There also are any number of veteran actors on the scene: Bill Murray, acting presidential as FDR in Hyde Park on Hudson; Bruce Willis, as the local sheriff in Moonrise Kingdom; Tommy Lee Jones, enduring a long-term marriage in Hope Springs; and Billy Crystal, reluctantly playing grandfather in Parental Guidance.
And since the HFPA also loves to reward stars, it could even reach out to Johnny Depp — a double comedy nominee two years ago for The Tourist and Alice in Wonderland — for the retro horror of Dark Shadows.
As is the case with this year’s dramas, when it comes to comedies and musicals, actresses just haven’t been gifted with as many plum parts as have the guys — with a handful of notable exceptions.

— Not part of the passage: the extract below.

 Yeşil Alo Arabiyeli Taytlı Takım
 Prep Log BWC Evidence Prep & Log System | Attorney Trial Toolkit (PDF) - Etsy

Jennifer Lawrence, a Globe drama nominee two years ago for Winter’s Bone, proves her comedy chops playing a not-so-merry widow determined to reignite her romantic life in Playbook. And Anne Hathaway, a two-time Globe nominee, is getting plenty of shouts of “Brava!” for her heartbreaking vocalizing in Les Mis.
When it comes to the Globes, you never can discount Meryl Streep. With 26 nominations and eight wins, most recently for last year’s The Iron Lady, she could be nominated yet again for playing one half of a marriage in Hope Springs. Speaking of favorites, Maggie Smith, who’s likely to earn another nomination for TV’s Downton Abbey, also could appear among the film nominees for either Quartet (in leading) or The Best Exotic Marigold Hotel (in supporting) — and the latter film about a group of seniors getting down with the natives in India could bring Judi Dench, as its lead actress, her 10th nomination. Shirley MacLaine, who won the Globe for most promising newcomer in 1955, has more than fulfilled that promise, but she could be back again, too, for playing a mean old widow in Bernie.
Although she didn’t earn any Globes love for her appearances in The Fockers franchise, Barbra Streisand has a shot for her upcoming mom-and-son road movie The Guilt Trip. Bette Midler could receive a call for gamely playing a modern-day grandma in Guidance. And if the HFPA wants to corral a few more stars, they could toss noms to Julia Roberts for camping it up as the evil queen in Mirror Mirror and Penelope Cruz for playing a prostitute with one of those proverbial hearts of gold in To Rome With Love.
And don’t forget Leslie Mann. She’s hoping to score her first Globes nom for starring as a Brentwood, Calif., mom looking to recharge her marriage in hubby Judd Apatow’s This Is 40.